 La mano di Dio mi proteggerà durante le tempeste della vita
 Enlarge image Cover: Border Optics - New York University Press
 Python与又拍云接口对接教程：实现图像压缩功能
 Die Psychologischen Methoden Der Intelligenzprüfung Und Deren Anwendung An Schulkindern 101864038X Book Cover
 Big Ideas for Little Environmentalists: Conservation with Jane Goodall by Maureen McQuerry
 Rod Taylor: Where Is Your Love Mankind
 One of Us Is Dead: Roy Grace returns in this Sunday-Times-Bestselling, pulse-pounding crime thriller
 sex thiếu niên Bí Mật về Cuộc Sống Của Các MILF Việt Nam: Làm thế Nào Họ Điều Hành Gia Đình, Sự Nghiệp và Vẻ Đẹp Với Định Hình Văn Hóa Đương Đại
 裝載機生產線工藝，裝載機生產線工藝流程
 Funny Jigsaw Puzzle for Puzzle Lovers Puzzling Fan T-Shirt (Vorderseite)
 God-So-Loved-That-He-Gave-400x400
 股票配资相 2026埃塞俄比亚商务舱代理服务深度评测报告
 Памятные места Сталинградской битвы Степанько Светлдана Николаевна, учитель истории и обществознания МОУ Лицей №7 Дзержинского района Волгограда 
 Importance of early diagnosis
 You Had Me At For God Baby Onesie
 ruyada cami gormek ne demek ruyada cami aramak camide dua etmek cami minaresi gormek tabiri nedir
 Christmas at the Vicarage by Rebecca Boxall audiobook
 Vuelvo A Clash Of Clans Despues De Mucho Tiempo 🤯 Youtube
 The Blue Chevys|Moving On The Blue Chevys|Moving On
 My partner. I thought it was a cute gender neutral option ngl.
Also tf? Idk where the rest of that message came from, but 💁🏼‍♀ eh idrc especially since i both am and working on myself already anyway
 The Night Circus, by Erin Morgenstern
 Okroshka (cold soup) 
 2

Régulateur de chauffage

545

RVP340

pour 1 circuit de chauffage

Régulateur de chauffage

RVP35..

**PROMPT:**
Show me every line of the entries above that holds "Cover".

**EXERCISE OUTPUT:**
 Enlarge image Cover: Border Optics - New York University Press
 Die Psychologischen Methoden Der Intelligenzprüfung Und Deren Anwendung An Schulkindern 101864038X Book Cover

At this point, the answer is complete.